The second major pathway to apoptosis in cells results from changes in mitochondrial membrane potential (MMP) due to a number of adverse cellular stimuli such as deprivation of obligatory survival factors or damage to DNA by irradiation, chemotherapy, or other toxins (17, 18). Changes in MMP are believed to be associated with the release of cytochrome c from the mitochondrial intermembrane space together with procaspase-9 and -2 and apoptosis-inducing factor (19, 20). Cytochrome c is believed to bind to apoptotic protease activating factor 1, which is a cytoplasmic scaffolding protein. The latter complex then activates procaspase-9 and -2, leading to activation of the effector caspases-3, -6, and -7, which induce apoptosis (20, 21). However, a clear distinction between these two pathways may not be possible, as activation of caspases, e.g., by interaction of FasL/CD95 may induce changes in MMP by activation of cytoplasmic factors by caspase-8, such as caspase-activated factor CAF (22) or Bid, a proapoptotic B cell lymphoma gene 2 (Bcl-2) family member (21, 22, 23, 24). However, the two pathways can be distinguished experimentally by overexpression of Bcl-2 (25, 26), which inhibits changes in MMP and cytochrome c release from mitochondria (24, 27).
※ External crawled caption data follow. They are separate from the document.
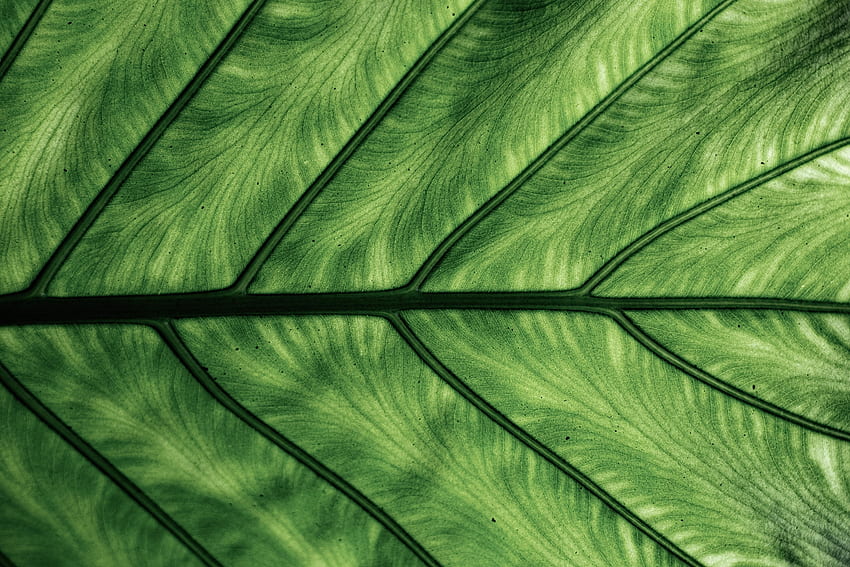 Macro, Sheet, Leaf, Veins HD wallpaper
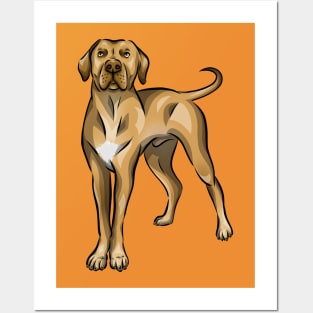 Cute Rhodesian Ridgeback Dog Posters and Art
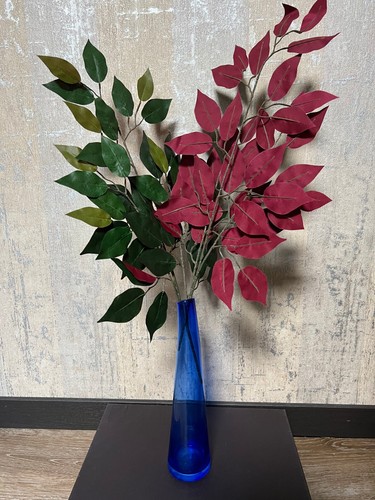 Ficus bunch red - 2,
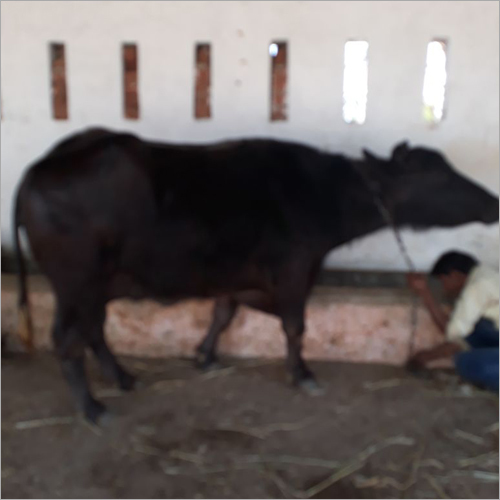 Mehsani Buffalo - 2-6 Years Old, Female, Black And Grey | Pure Breed, Excellent Milk Producer, Germ Free Climate Raised, Properly Vaccinated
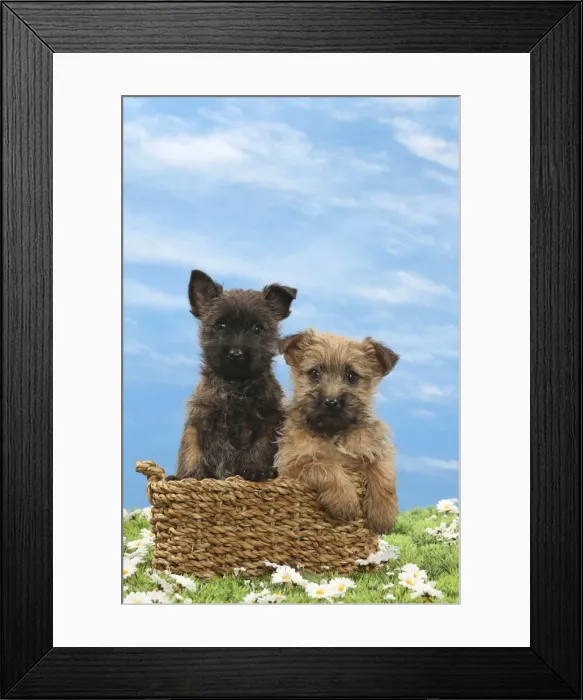 Framed Print : Picture No. 10897634 Framed Print : Picture No. 10897634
We have previously shown that TRAIL induces apoptosis in approximately two-thirds of melanoma lines (4, 5). It is known from previous studies (6) that TRAIL activates caspases in melanoma cells and that inhibitors of caspases prevent TRAIL-induced apoptosis. However, the extent to which changes in MMP may be involved in TRAIL-induced apoptosis of melanoma is not known. To answer this question, we have used assays of changes in MMP in melanoma cells and transfection of cDNA for Bcl-2 to assess the role of these changes in TRAIL-induced apoptosis of melanoma. The results indicate that the mitochondrial pathway appears to be a major mediator of TRAIL-induced apoptosis.
Materials and Methods
Cell lines
Melanoma cell lines with the prefix Mel were isolated from fresh surgical biopsies from patients attending the Sydney and Newcastle Melanoma Units and established in the laboratory. FH and CV were from lymph nodes. RM and JG were from bowel. The cell lines had been in culture for 2–6 mo at the time of these studies. MM200, Me10538, Me4405, and IgR3 cell lines were obtained from primary melanoma and are described elsewhere (4, 5). SK-Mel-28 (28) was a gift from Dr. Ralph (Department of Biochemistry and Molecular Biology, Monash University, Victoria, Australia). All melanoma cell lines were positive for tyrosinase and MART-1 mRNA by RT-PCR tests described elsewhere (29). MRC-5 lung fibroblasts were obtained from BioWhittaker (Walkersville, MD). The cell lines were cultured in DMEM containing 5% FCS (Commonwealth Serum Laboratories, Melbourne, Victoria, Australia). Melanocytes were purchased from Clonetics (San Diego, CA) and cultured in medium supplied by Clonetics (EK Medical, Waterloo, New South Wales, Australia).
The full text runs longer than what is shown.